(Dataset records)
▼

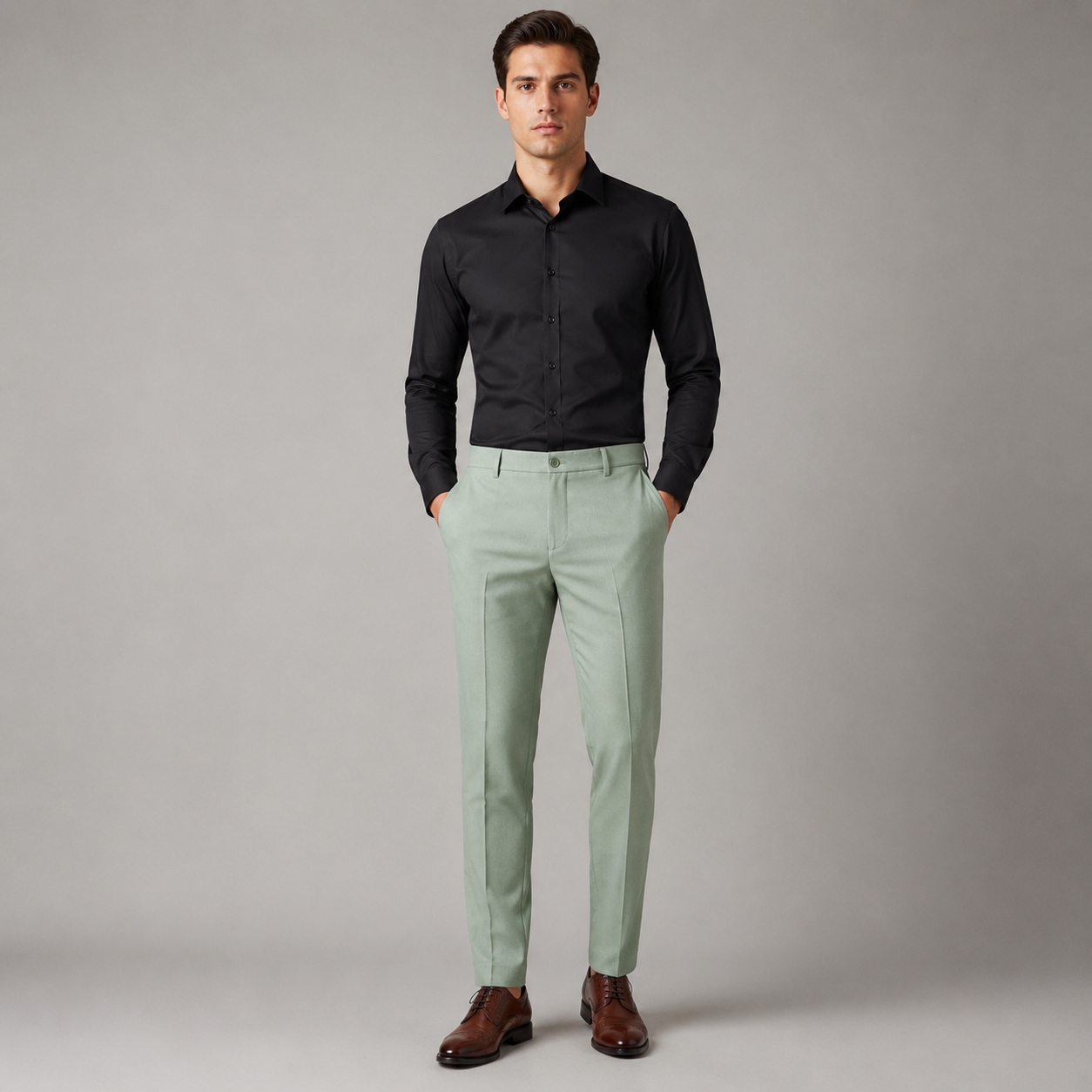 Calça Alfaiataria Social Masculina Verde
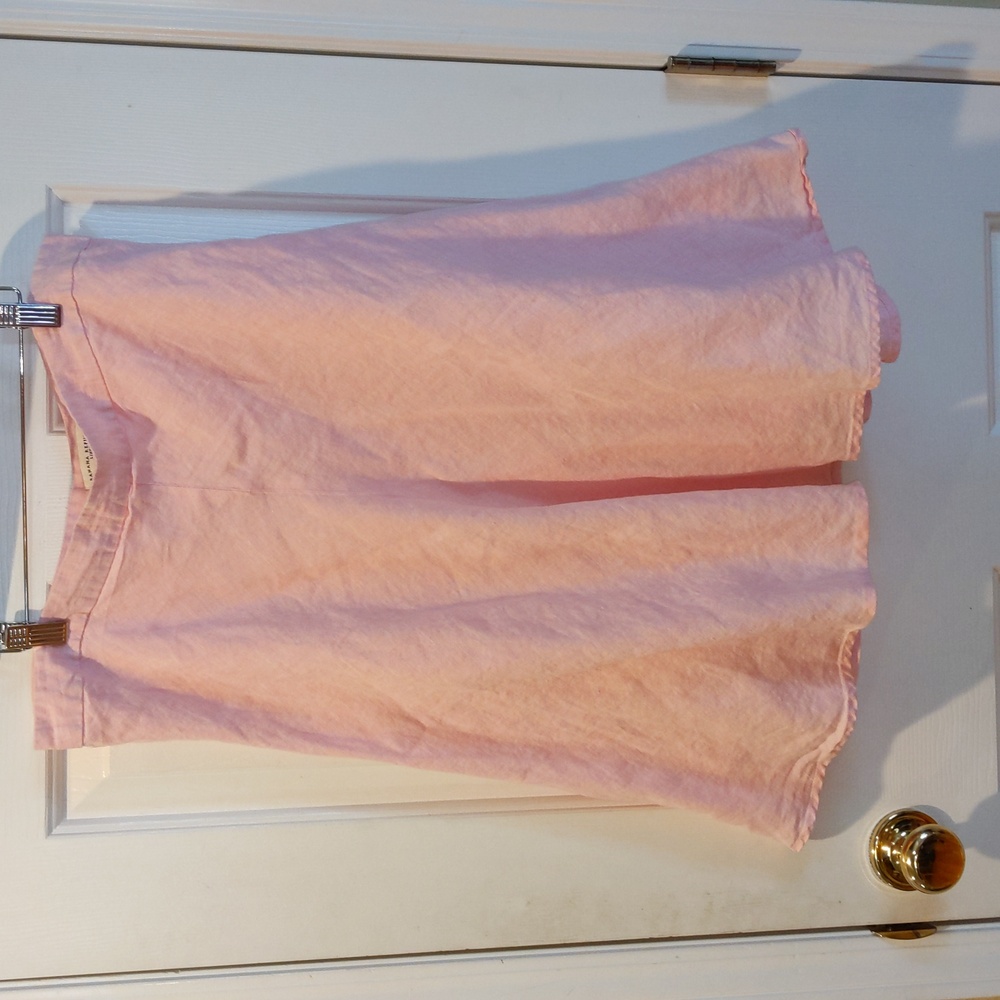 Vtg Pale Pink Linen Skirt Women 14 A-Line Fit Flare Side Zip Lined EUC Midi - Picture 2 of 8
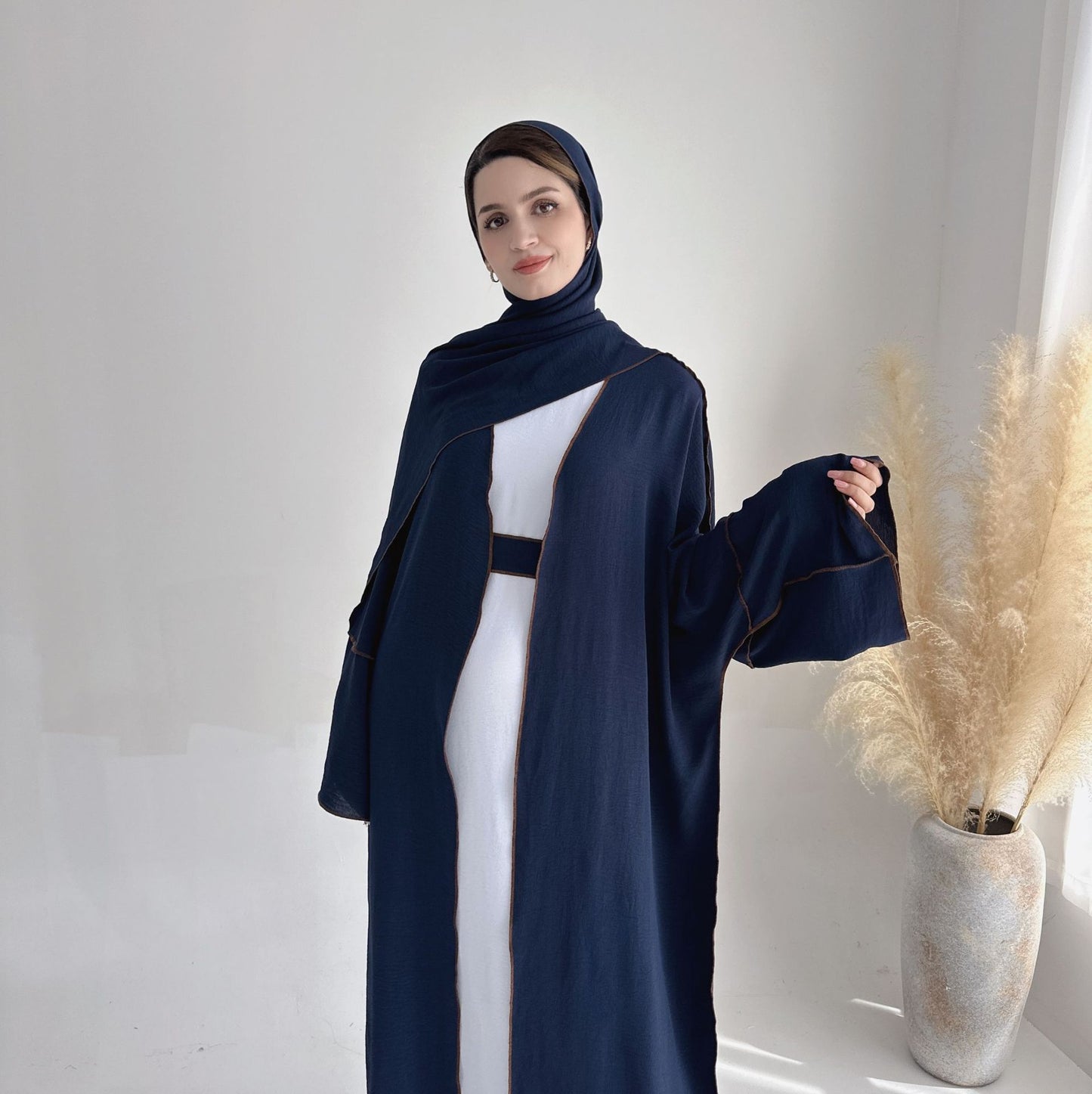 HASA HS1246H 2 PCS SET Crepe Solid Color Loose Hem Cardigan Robe with Hijab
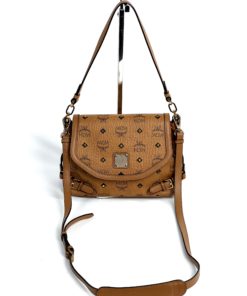 MCM Visetos Brown Leather Crossbody Satchel Bag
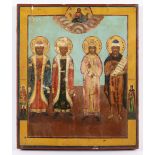 IKONE, "Vier Heilige", Tempera/Holz, Goldgrund, 35,5 x 30,5, leicht besch., GRIECHENLAND, 19.Jh.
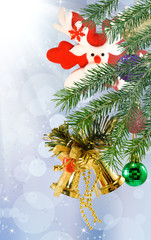 beautiful christmas balls on the christmas tree closeup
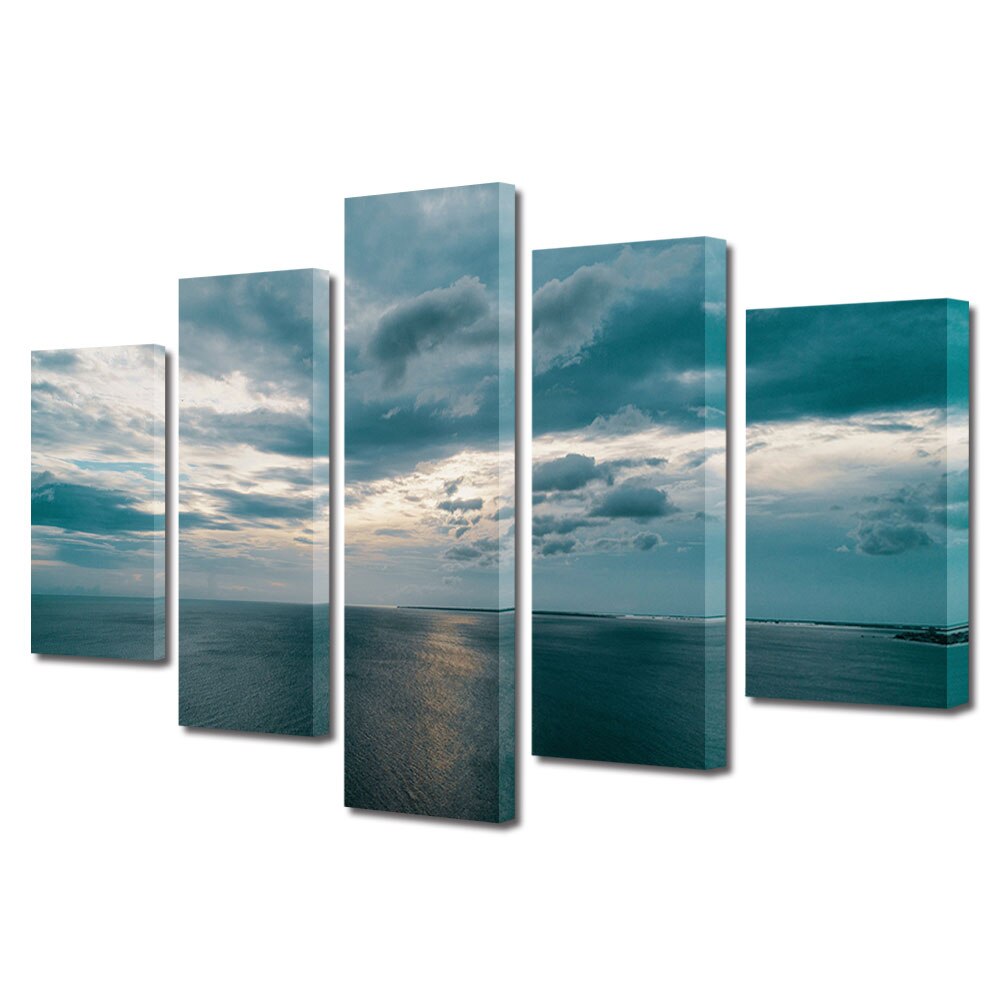 Set Tablouri Multicanvas, ArtDeco, Nori peste ocean, Panza pe cadru de lemn, Decoratiuni Moderne pentru Casa, 5 piese, 70 x 125 cm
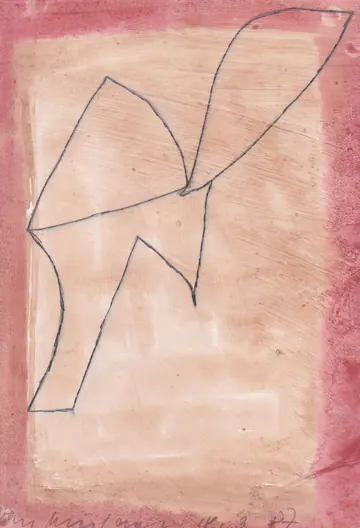 Eugen van Stiphaut: 1987, Tusche und Aquarell, 20 x 29,5cm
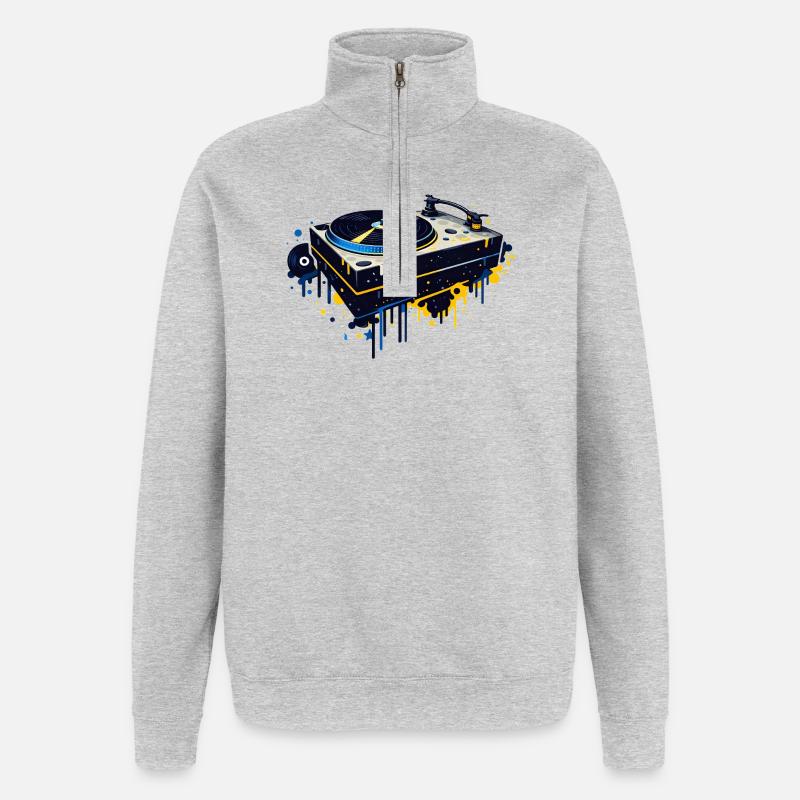 Conception de platines graffiti - Sweat à zip 1/4 - gris chiné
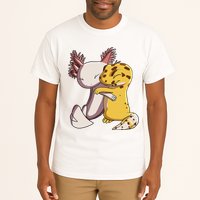 Cute Kawaii Leopard Gecko Hugging Axolotl Funny Tall T-Shirt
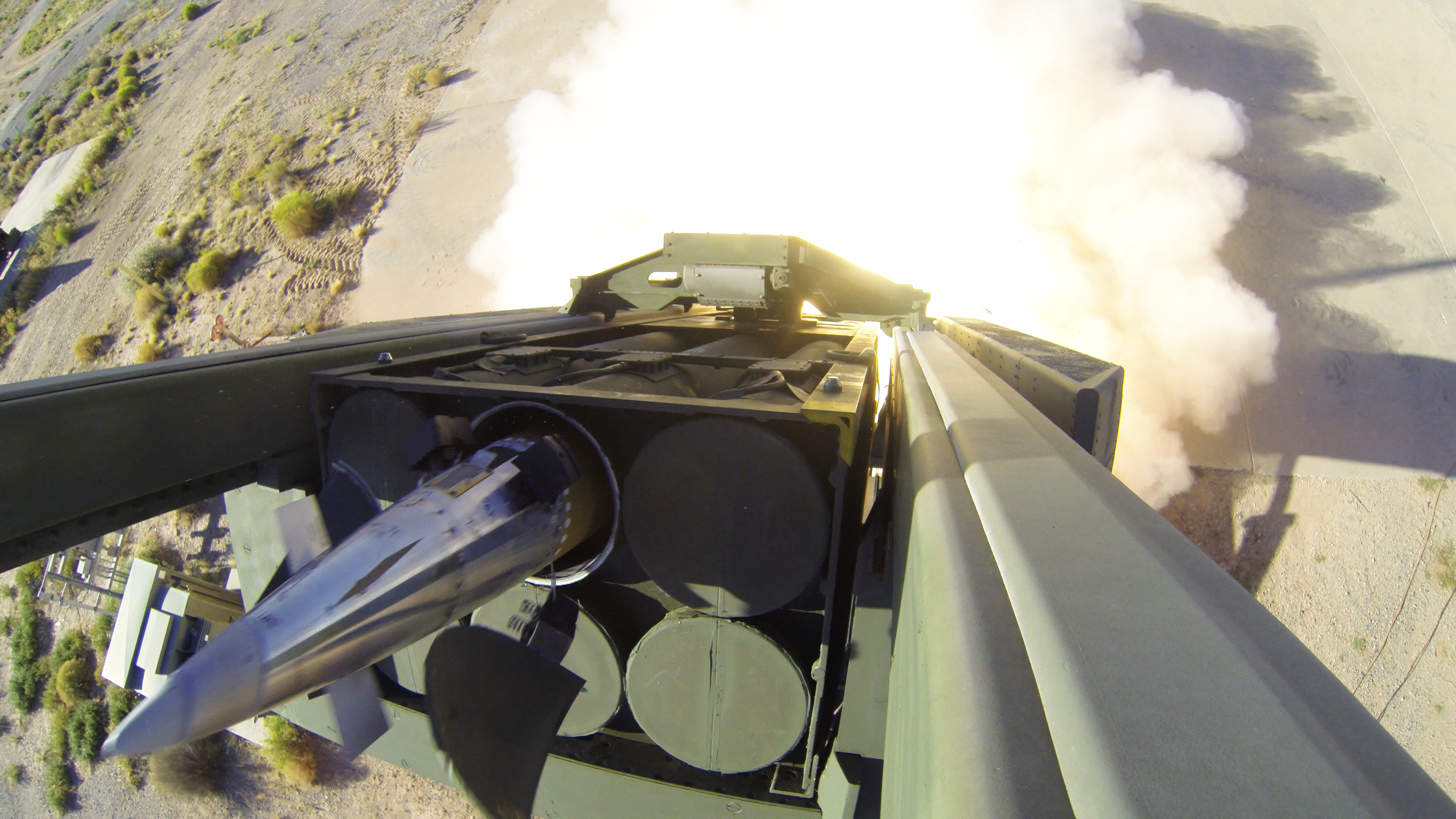Lockheed Martin-built HIMARS launcher fires a GMLRS rocket during a test at White Sands Missile Range, New Mexico.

▲

*EXERCISE PROMPT*.
In the records above, find the line with "Vtg Pale Pink" and the line with "beautiful christmas balls"; please transcribe exactly those two lines and all lines between them, omitting any picture.

*WRITTEN ANSWER*.
 Vtg Pale Pink Linen Skirt Women 14 A-Line Fit Flare Side Zip Lined EUC Midi - Picture 2 of 8
 HASA HS1246H 2 PCS SET Crepe Solid Color Loose Hem Cardigan Robe with Hijab
 MCM Visetos Brown Leather Crossbody Satchel Bag
 IKONE, "Vier Heilige", Tempera/Holz, Goldgrund, 35,5 x 30,5, leicht besch., GRIECHENLAND, 19.Jh.
 beautiful christmas balls on the christmas tree closeup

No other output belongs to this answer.